Nils
Nils

Reputation: 2205

Making a variable from if statement global

While encoding JSON, I´m unwrapping stuff with an if let statement, but I'd like to make a variable globally available

do {
  if
    let json = try JSONSerialization.jsonObject(with: data) as? [String: String], 
    let jsonIsExistant = json["isExistant"] 
  {
    // Here I would like to make jsonIsExistant globally available
  }

Is this even possible? If it isn't, I could make an if statement inside of this one, but I don't think that would be clever or even possible.

Upvotes: 0

Views: 700

Answers (2)

NobodyNada
NobodyNada

Reputation: 7634

It doesn't make sense to expose a variable to the outside of an if let statement:


if let json = ... {
    //This code will only run if json is non-nil.
    //That means json is guaranteed to be non-nil here.
}
//This code will run whether or not json is nil.
//There is not a guarantee json is non-nil.
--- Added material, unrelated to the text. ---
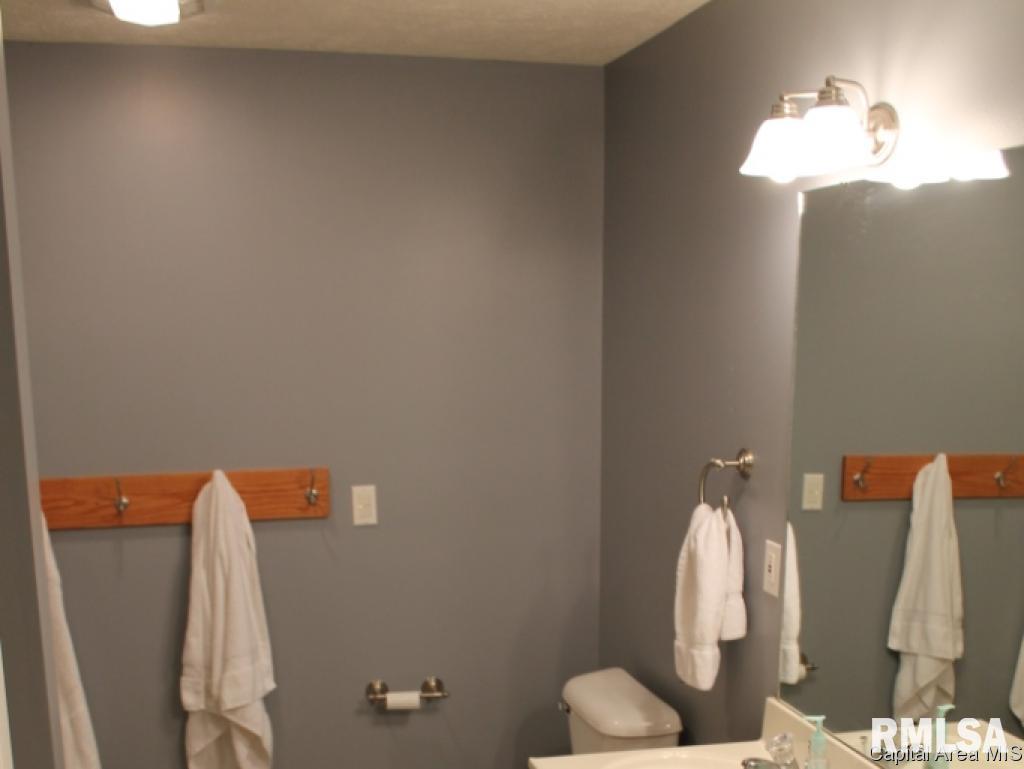 5013 Crane Drive Springfield, IL 62711 - Photo 14 of 23 Gallery Image 14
You have a few other options, depending on what you want to do:


You can put the rest of the code that needs json inside of the if. You said you didn't know if nested if statements are "clever or even possible." They're possible, and programmers use them quite often. You also could extract it into another function:

func doStuff(json: String) {
    //do stuff with json
}

//...
if let json = ... {
    doStuff(json: json)
}

If you know that JSON shouldn't ever be nil, you can force-unwrap it with !:

let json = ...!

You can make the variable global using a guard statement. The code inside of the guard will only run if json is nil. The body of a guard statement must exit the enclosing scope, for example by throwing an error, by returning from the function, or with a labeled break:

//throw an error
do {
    guard let json = ... else {
        throw SomeError
    }
    //do stuff with json -- it's guaranteed to be non-nil here.
}



//return from the function 
guard let json = ... else {
    return
}
//do stuff with json -- it's guaranteed to be non-nil here.



//labeled break
doStuff: do {
    guard let json = ... else {
        break doStuff
    }
    //do stuff with json -- it's guaranteed to be non-nil here.
}

Upvotes: 1

Sethmr
Sethmr

Reputation: 3074

delclare jsonIsExistant at the place you want it. If you are making an iOS App, than above viewDidLoad() create the variable

var jsonIsExistant: String?

then at this point use it

do {
    if let json = try JSONSerialization.jsonObject(with: data) as? [String: String], 
    let tempJsonIsExistant = json["isExistant"] {
        jsonIsExistant = tempJsonIsExistant
    }
}

This could be rewritten like so though

do {
    if let json = try JSONSerialization.jsonObject(with: data) as? [String: String] { 
        jsonIsExistant = json["isExistant"]
    }
} catch {
    //handle error
}

If handled the second way, then you have to check if jsonIsExistant is nil before use, or you could unwrap it immediately with a ! if you are sure it will always have a field "isExistant" every time that it succeeds at becoming json.